→ **WORK INSTRUCTIONS**
Only the lines in the entries below from the line with "Метель, гололед и" to the line with "in backlight Closeup", both included, belong in the answer, transcribed exactly and without pictures.

→ **SOURCE MATERIAL**
==========
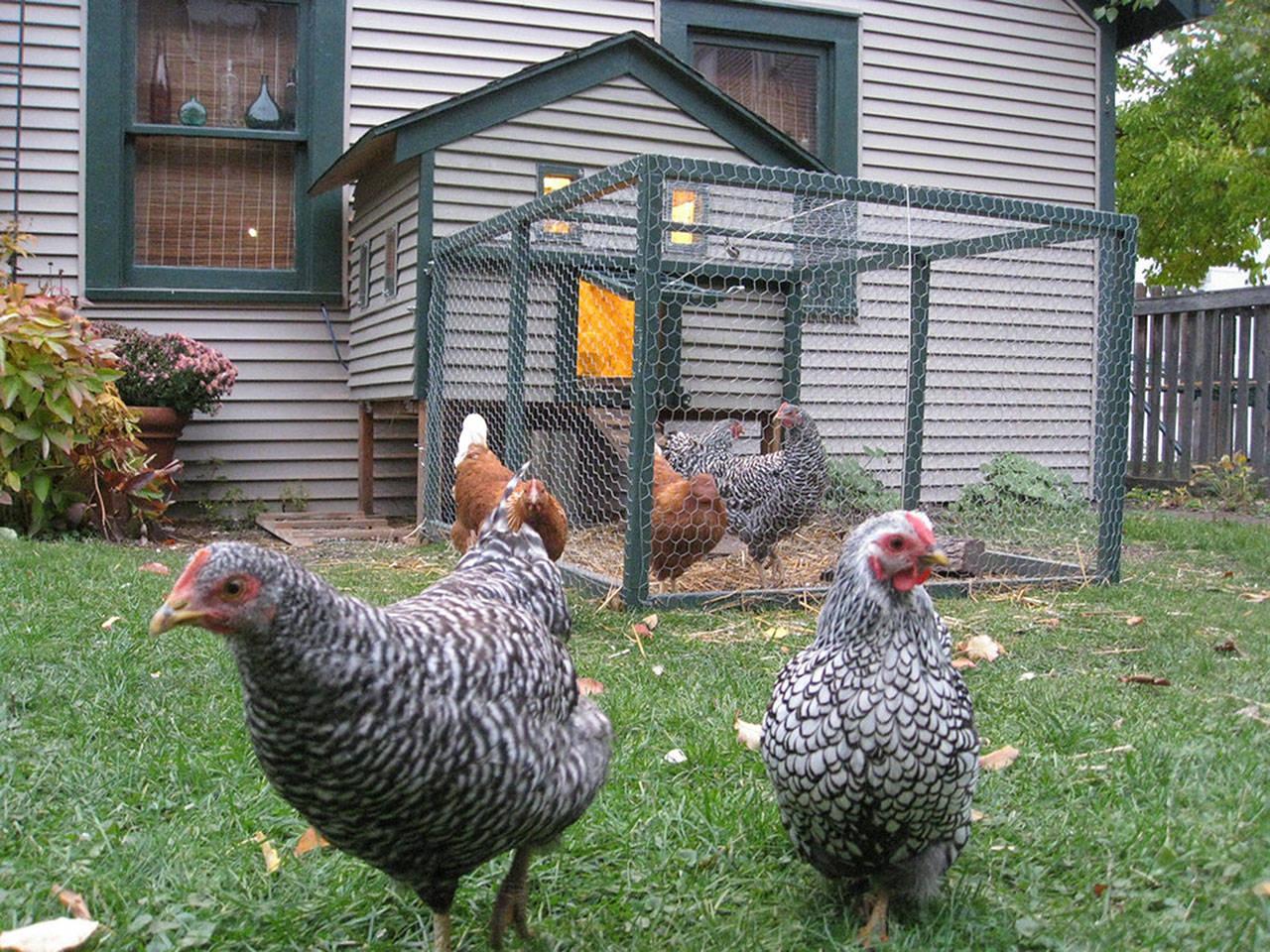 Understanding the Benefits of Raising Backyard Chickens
==========
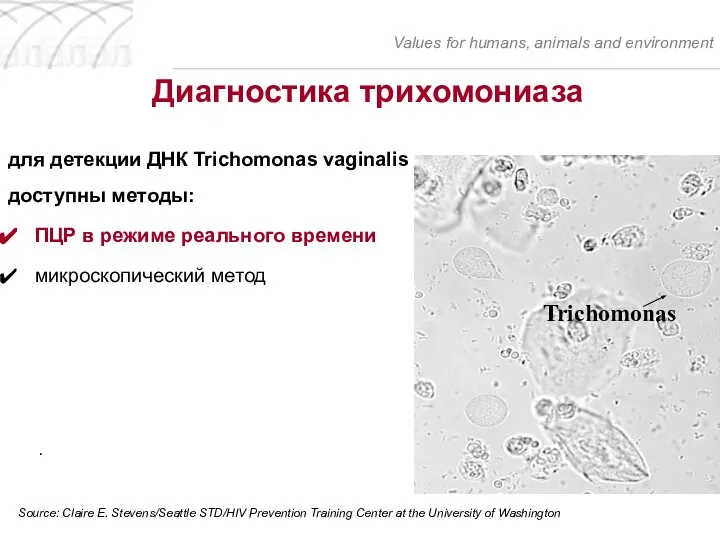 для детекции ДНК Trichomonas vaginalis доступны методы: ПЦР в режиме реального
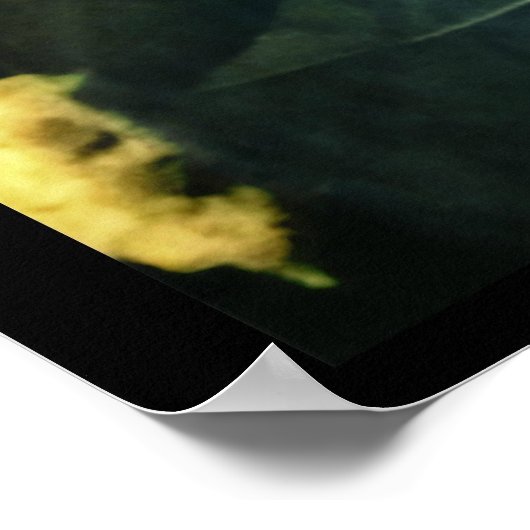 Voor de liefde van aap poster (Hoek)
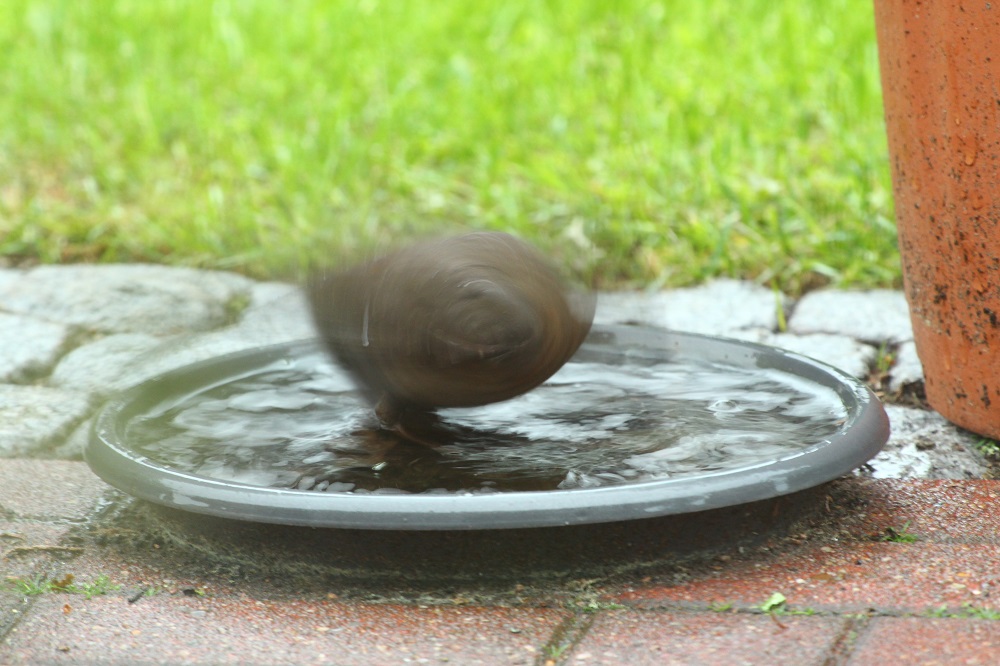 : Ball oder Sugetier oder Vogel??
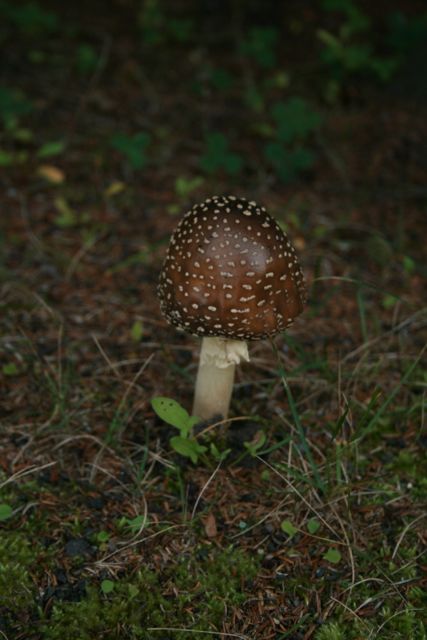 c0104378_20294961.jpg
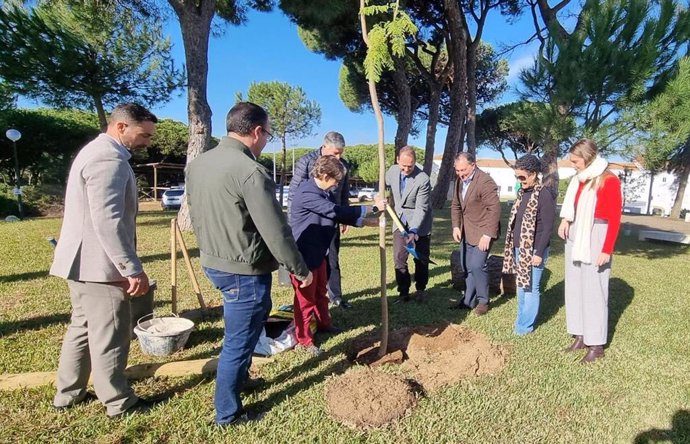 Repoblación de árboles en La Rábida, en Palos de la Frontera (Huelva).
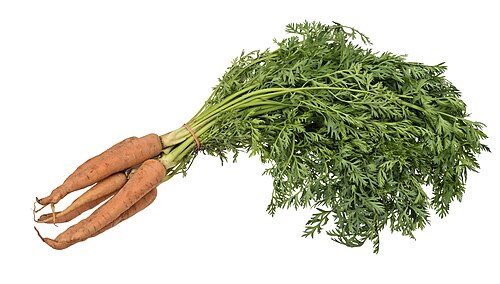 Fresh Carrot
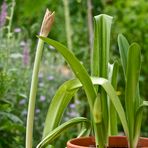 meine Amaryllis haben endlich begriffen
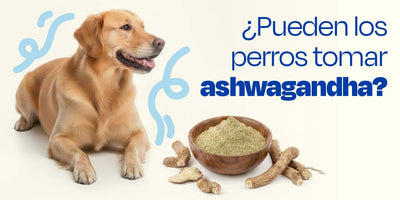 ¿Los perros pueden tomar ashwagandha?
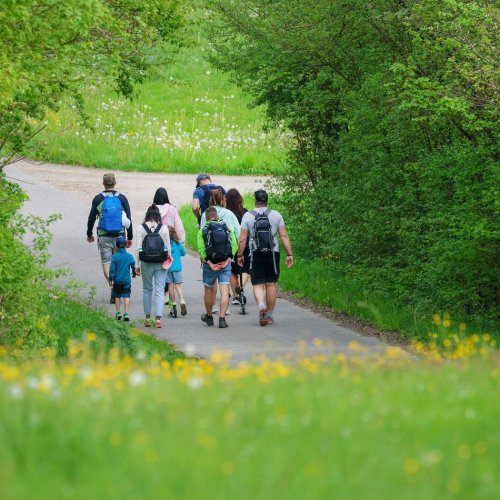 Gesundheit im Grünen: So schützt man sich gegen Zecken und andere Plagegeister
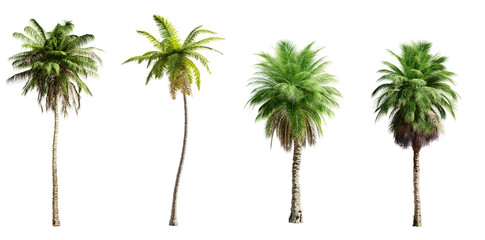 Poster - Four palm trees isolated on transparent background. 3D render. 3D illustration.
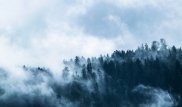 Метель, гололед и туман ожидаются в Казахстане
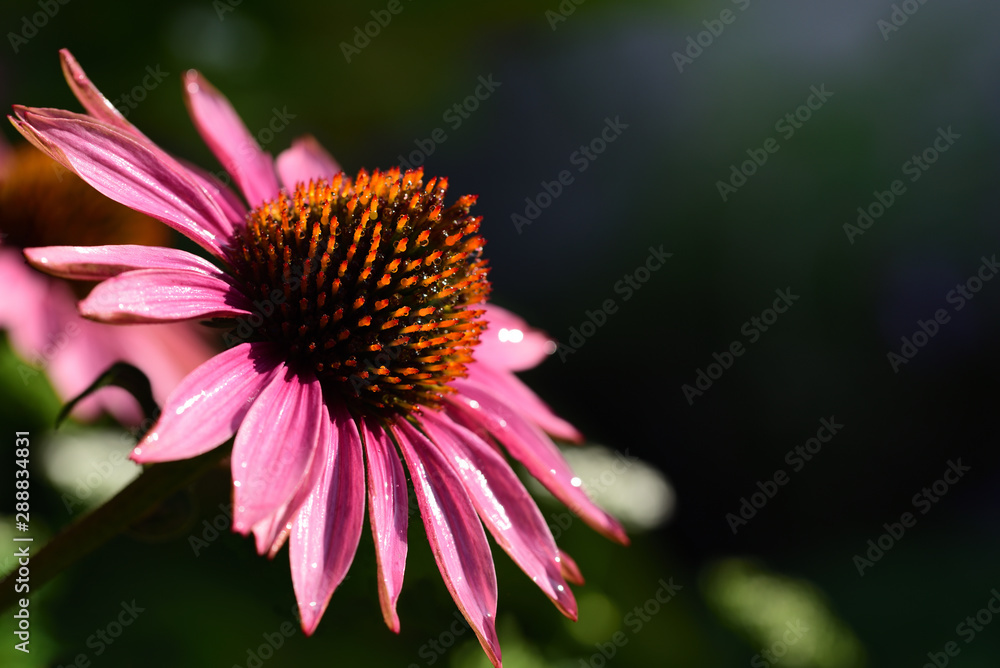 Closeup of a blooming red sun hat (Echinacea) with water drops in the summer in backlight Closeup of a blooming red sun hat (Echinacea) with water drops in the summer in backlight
==========
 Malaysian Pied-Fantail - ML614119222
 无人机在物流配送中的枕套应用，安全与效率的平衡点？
==========
→ **RESULT**
 Метель, гололед и туман ожидаются в Казахстане
 Closeup of a blooming red sun hat (Echinacea) with water drops in the summer in backlight Closeup of a blooming red sun hat (Echinacea) with water drops in the summer in backlight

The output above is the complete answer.